[Start of Attachment]
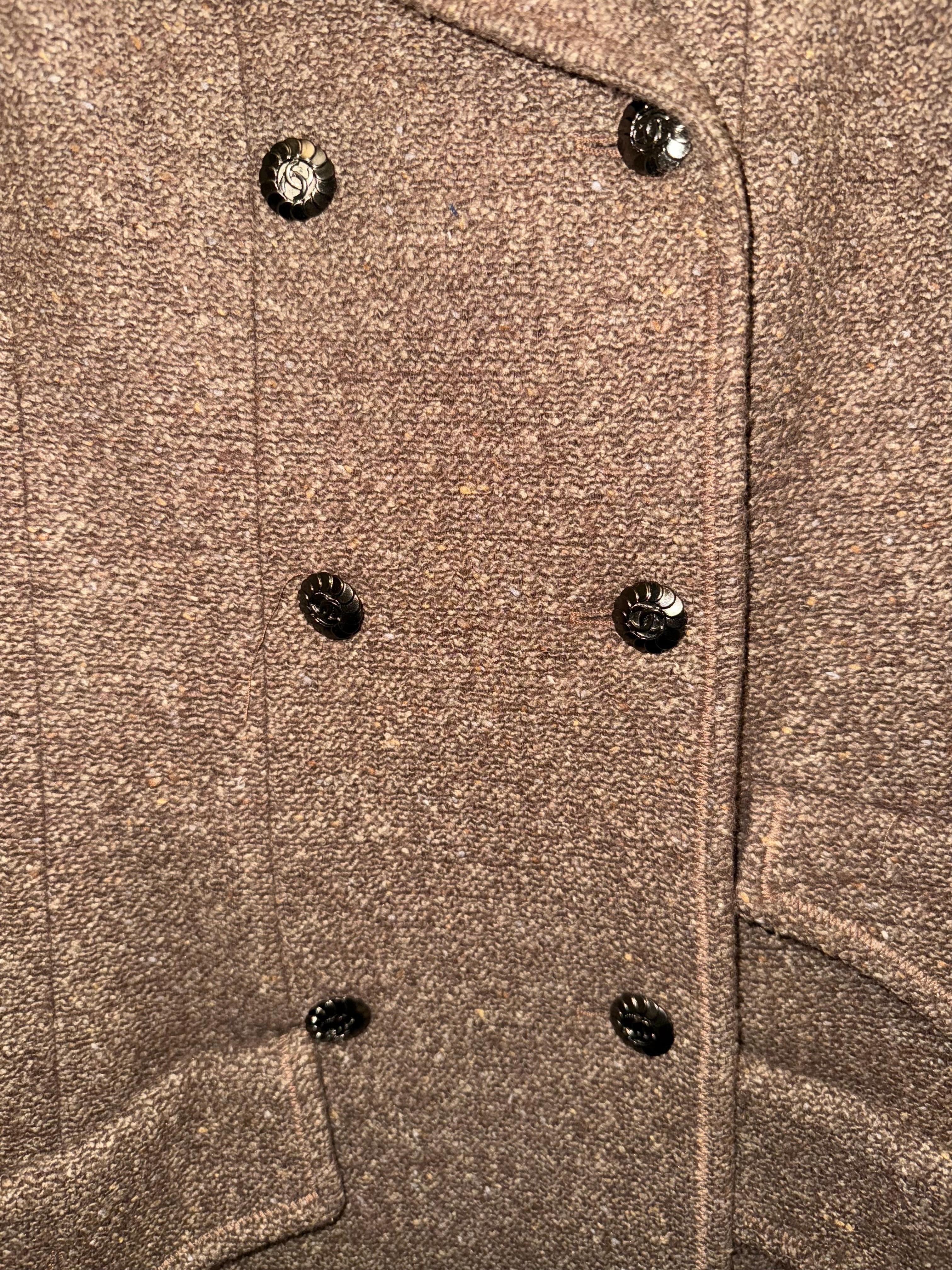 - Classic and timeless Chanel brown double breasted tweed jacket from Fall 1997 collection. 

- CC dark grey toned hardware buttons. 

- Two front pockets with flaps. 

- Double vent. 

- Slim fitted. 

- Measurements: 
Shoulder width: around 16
[End of Attachment]
[Start of Attachment]
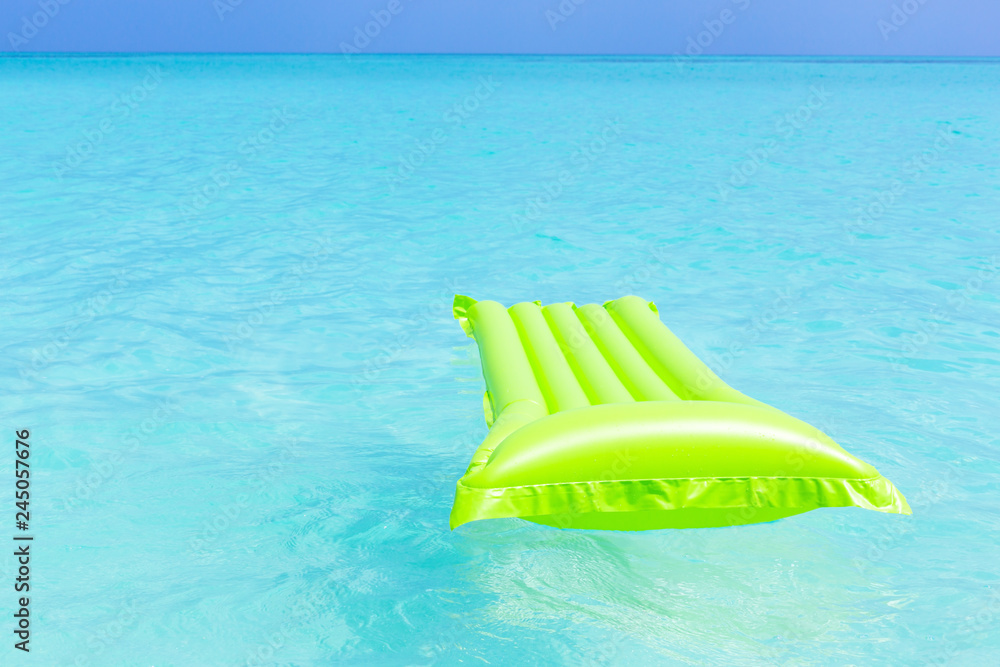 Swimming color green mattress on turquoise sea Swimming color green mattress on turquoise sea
[End of Attachment]
[Start of Attachment]
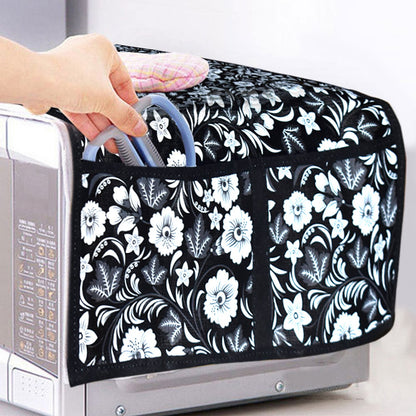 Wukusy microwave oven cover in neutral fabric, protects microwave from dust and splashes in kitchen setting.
[End of Attachment]
■ PROBLEM DESCRIPTION ■
From the material above, retype precisely the lines between the line holding "- Double vent." and the line holding "Shoulder width: around 16", inclusive, and nothing beyond them.

■ TASK ANSWER ■
- Double vent. 

- Slim fitted. 

- Measurements: 
Shoulder width: around 16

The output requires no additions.